A lo largo de la parte superior de las paredes hay pantallas planas de vídeo que muestran constantemente todos los ángulos y sonidos que capta un sistema de cámaras y micrófonos empotrados, y lo que está viendo es increíble.

—Vaya hijoputa estúpido —le dice a voz en cuello a la pantalla plana que tiene delante.

Marino le está enseñando el depósito de cadáveres a Shandy Snook. Se ven desde diferentes ángulos en las pantallas, sus voces tan nítidas como si Lucy estuviera con ellos.

Boston, la quinta planta de una casa de piedra rojiza de mediados del XIX en Beacon Street. Benton Wesley está sentado a su mesa mirando por la ventana un globo aerostático que surca el cielo sobre el prado, por encima de olmos escoceses tan viejos como la propia América. El globo blanco se eleva lentamente como una inmensa luna en contraste con el perfil del centro urbano.

Suena su móvil. Se coloca un auricular sin manos y dice: «Wesley», con la acuciante esperanza de que no sea ninguna emergencia relacionada con la doctora Self, el azote del hospital de un tiempo a esta parte, quizás el más peligroso que haya sufrido nunca.

—Soy yo —le dice Lucy al oído—. Conéctate. Te pongo en conferencia.

Benton no pregunta por qué. Se conecta a la red inalámbrica de Lucy, que transfiere vídeo, audio y datos en tiempo real. La cara de Lucy llena la pantalla del portátil encima de la mesa. Se la ve lozana, de una hermosura dinámica, como siempre, pero los ojos le brillan de furia.

—Voy a probar algo distinto —le anuncia—. Te conecto al acceso de seguridad para que puedas ver lo que estoy viendo ahora mismo, ¿de acuerdo? La pantalla se te dividirá en cuatro cuadrantes para ofrecer cuatro ángulos o ubicaciones, dependiendo del que elija yo. Con eso debería bastar para que veas lo que está haciendo nuestro presunto amigo Marino.

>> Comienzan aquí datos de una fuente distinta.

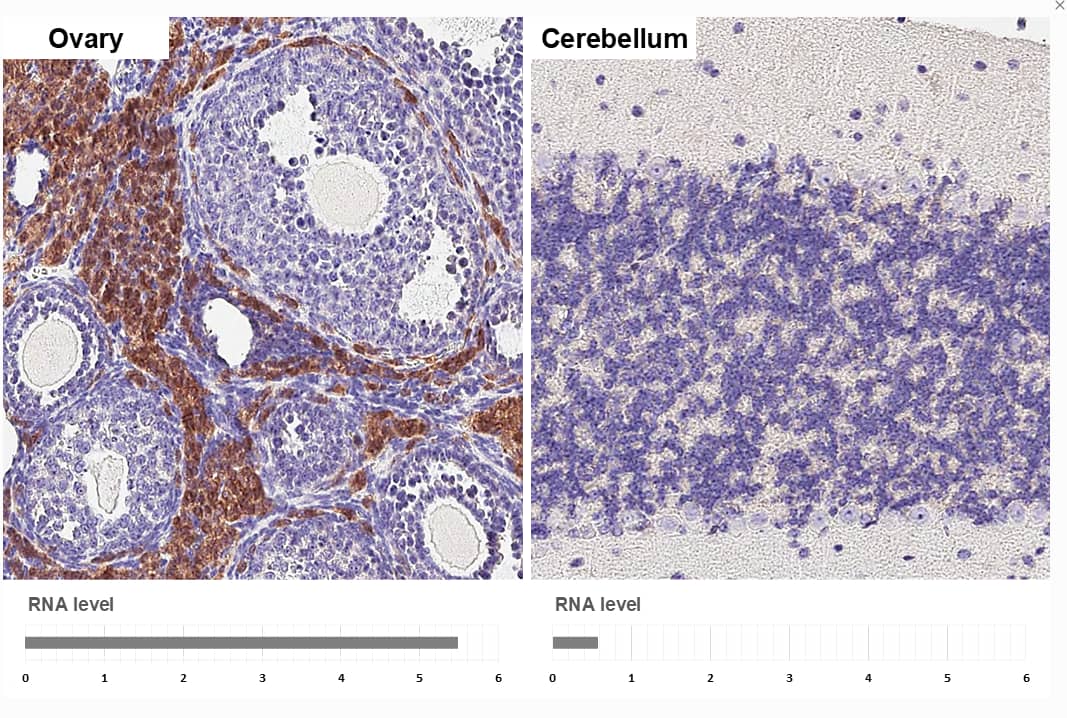 <b>Orthogonal Strategies Validation. </b> Mouse tissues.DDR2 stained by DDR2 antibody [HL1107] diluted at 1:16000.Antigen Retrieval: Tris-EDTA buffer, pH 9.0, 15 min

—Lo tengo —dice Benton cuando se divide la pantalla, lo que le permite ver de manera simultánea cuatro áreas del edificio de Scarpetta escaneadas por las cámaras.

El interfono en la zona de carga de la morgue.

En el ángulo superior izquierdo, Marino y una mujer joven y sexy pero de aspecto chabacano, con atuendo de cuero de motera, están en el pasillo superior de las oficinas de Scarpetta, y él le está diciendo:

—Tú quédate aquí.

—¿Por qué no puedo ir contigo? No tengo miedo. —Su voz, ronca y con un fuerte acento sureño, se reproduce con claridad en los altavoces encima de la mesa de Benton.

—¿Qué demonios? —le dice Benton a Lucy por teléfono.

—Fíjate —responde ella—. Su última maravilla de chica.

—¿Desde cuándo?

—Bueno, vamos a ver. Creo que empezaron a acostarse el lunes pasado por la noche. La misma noche que se conocieron y emborracharon.

Marino y Shandy entran en el ascensor y otra cámara los enfoca mientras él le dice:

—Vale, pero si él se lo dice a la doctora, estoy jodido.

—Vaya vaya con la doctora, te tiene pillado por la polla —responde ella con un sonsonete burlón.